You’re too busy distracted, eyeing what others have, craving what you can’t.
That’s when those perfect-love stories Hollywood sells you keep you in a low-vibe state, drained because you let it happen 😒
There’s no 911 to put out the fire you started with a bad decision.
Only you can choose to extinguish it.
How?
By choosing what you think and what you’re telling yourself—by reconnecting to your secure network.
While I was in NY—my favorite city on earth—I was talking to my bestie about how so many guys in Zurich are terrified of aging.
They struggle to accept their reality, like they want to stretch their youth and the thrill of the chase forever.

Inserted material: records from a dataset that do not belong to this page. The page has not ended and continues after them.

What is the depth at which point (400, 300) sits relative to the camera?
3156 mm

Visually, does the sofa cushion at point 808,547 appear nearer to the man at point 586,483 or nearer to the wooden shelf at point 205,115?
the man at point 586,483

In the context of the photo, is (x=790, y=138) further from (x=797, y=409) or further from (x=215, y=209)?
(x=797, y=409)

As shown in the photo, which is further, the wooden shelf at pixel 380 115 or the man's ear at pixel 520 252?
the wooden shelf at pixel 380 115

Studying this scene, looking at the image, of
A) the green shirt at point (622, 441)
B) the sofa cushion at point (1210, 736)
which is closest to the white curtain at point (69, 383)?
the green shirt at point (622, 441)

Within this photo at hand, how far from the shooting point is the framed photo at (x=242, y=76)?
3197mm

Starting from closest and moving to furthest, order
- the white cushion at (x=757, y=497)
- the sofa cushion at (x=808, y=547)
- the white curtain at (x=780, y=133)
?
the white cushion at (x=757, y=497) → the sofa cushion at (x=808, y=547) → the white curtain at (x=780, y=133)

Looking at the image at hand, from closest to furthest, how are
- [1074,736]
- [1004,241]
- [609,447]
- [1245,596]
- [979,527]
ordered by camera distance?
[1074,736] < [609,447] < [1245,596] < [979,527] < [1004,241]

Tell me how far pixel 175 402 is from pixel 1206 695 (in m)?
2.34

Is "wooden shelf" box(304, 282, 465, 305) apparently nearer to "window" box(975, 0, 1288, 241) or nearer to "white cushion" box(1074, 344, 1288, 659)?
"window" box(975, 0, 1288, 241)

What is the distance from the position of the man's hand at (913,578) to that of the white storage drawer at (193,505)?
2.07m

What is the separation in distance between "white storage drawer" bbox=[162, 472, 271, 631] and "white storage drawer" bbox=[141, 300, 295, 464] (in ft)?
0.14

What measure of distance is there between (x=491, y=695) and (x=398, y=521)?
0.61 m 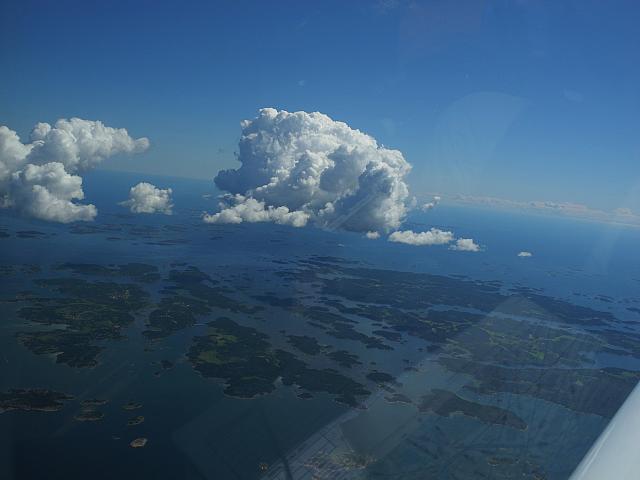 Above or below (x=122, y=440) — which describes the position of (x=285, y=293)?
above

He hit me with, “Romanticism only works with discipline. Otherwise, you’re stuck in an endless loop of instinct.”
He added, “Literally, most guys see it as a constant hunt. That’s way too primal for a mind trained by discipline… Kim, Deeper men invented romance for a reason.”
So, dear reader, the choices we make create these awkward situations, the kind that set our conscience ablaze.

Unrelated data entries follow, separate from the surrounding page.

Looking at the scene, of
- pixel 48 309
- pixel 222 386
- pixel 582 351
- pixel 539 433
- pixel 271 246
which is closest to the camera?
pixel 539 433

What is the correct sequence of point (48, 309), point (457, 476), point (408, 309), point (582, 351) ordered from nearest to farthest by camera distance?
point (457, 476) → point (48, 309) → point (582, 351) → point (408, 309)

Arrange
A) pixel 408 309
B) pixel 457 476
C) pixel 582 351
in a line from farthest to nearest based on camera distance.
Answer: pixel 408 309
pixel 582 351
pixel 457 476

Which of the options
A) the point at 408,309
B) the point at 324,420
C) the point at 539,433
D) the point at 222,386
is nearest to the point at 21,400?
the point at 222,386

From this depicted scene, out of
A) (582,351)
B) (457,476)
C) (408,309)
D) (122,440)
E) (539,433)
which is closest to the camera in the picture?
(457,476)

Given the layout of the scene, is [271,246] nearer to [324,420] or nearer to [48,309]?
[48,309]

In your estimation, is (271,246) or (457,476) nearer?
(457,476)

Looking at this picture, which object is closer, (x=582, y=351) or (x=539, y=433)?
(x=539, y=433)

If we don’t put out that fire—especially one tied to instinctive actions—it doesn’t just consume us; it spreads to others.
That’s where all this talk of “emotional responsibility” toward others feels half-baked. It starts with responsibility to ourselves.
But that depends on the moral code you’ve programmed into your system. Maybe you’ve got an “Error 404” in your head you’re not bothered to fix—and that’s a deeper issue than we might think.
Here’s the short version:
Instinct → Automatic Guilt: When we mess up, we go primal—punishing ourselves, talking ourselves down, turning into our own hunter.
That’s an undisciplined mind.
Why?
Because forgiving ourselves feels impossible.
Discipline → Conscious Forgiveness: It takes training your mind to break the cycle of self-punishment. It’s about taming instinct and making space to reconcile with yourself.
Stop spreading the fire—it causes social, collective harm, not just personal.
I always say there are no victims or culprits.
But damn! While writing this, I realized something:
If you don’t figure out how to put out your own fire, you end up the culprit.
Not for what you did, but for what you let burn.
Don’t call 911 with complaints if you haven’t done the inner dirty work 🧯❤️🔥
I’m all about that blue flame—it’s pure, no toxins.